:: THE DATA ::
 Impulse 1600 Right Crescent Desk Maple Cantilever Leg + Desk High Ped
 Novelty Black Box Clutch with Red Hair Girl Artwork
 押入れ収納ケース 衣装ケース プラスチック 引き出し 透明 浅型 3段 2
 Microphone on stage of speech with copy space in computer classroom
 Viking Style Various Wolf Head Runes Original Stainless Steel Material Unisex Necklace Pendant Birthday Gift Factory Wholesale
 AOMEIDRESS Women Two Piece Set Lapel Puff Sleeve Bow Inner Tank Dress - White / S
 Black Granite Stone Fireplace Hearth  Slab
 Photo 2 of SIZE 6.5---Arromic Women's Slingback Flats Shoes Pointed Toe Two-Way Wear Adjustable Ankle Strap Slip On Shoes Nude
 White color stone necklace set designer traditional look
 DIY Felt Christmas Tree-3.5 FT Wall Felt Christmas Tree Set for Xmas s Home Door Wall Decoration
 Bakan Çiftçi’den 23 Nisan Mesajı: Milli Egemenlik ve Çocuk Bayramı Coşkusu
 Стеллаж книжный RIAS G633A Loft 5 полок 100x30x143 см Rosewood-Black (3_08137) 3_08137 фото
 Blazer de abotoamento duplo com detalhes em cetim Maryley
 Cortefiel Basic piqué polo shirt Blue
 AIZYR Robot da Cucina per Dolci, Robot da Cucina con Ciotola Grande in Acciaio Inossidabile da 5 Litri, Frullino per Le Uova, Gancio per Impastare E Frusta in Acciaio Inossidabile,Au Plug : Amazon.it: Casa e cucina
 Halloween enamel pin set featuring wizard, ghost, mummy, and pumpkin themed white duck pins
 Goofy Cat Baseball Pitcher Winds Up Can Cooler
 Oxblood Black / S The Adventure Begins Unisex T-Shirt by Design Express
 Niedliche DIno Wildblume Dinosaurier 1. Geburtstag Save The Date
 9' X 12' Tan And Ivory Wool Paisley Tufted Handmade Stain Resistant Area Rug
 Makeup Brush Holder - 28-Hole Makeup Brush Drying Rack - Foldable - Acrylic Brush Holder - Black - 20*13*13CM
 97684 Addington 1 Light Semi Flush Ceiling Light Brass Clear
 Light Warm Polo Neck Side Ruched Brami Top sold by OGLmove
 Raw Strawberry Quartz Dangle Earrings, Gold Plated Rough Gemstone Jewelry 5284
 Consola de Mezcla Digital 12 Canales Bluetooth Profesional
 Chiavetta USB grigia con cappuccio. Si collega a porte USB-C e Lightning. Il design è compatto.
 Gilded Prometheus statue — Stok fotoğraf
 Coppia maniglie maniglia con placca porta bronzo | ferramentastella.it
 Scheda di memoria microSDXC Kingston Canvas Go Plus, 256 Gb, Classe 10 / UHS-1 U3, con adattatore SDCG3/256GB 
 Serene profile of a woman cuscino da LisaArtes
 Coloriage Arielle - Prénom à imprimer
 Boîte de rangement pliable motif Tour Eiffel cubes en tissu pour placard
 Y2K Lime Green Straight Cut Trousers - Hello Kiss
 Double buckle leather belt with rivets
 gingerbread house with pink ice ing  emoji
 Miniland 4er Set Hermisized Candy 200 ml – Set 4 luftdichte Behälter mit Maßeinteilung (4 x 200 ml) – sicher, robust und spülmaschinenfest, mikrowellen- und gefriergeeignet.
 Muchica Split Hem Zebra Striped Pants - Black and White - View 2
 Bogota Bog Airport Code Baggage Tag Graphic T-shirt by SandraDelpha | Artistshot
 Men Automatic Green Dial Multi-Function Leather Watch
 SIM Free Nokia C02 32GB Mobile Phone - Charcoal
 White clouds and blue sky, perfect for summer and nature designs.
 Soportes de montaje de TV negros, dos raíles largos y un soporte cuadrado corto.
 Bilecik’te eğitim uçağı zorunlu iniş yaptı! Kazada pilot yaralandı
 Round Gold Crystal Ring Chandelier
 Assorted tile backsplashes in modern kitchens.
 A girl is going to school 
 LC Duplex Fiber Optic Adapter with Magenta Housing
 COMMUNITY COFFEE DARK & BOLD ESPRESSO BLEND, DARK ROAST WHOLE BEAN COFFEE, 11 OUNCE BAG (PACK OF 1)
:::
» TASK BRIEF: Find the line with "Light Warm Polo" in the entries above. Retype it and each line after it, exactly, through the line with "Coloriage Arielle - Prénom à imprimer", and stop there.

» TASK RESPONSE:
 Light Warm Polo Neck Side Ruched Brami Top sold by OGLmove
 Raw Strawberry Quartz Dangle Earrings, Gold Plated Rough Gemstone Jewelry 5284
 Consola de Mezcla Digital 12 Canales Bluetooth Profesional
 Chiavetta USB grigia con cappuccio. Si collega a porte USB-C e Lightning. Il design è compatto.
 Gilded Prometheus statue — Stok fotoğraf
 Coppia maniglie maniglia con placca porta bronzo | ferramentastella.it
 Scheda di memoria microSDXC Kingston Canvas Go Plus, 256 Gb, Classe 10 / UHS-1 U3, con adattatore SDCG3/256GB 
 Serene profile of a woman cuscino da LisaArtes
 Coloriage Arielle - Prénom à imprimer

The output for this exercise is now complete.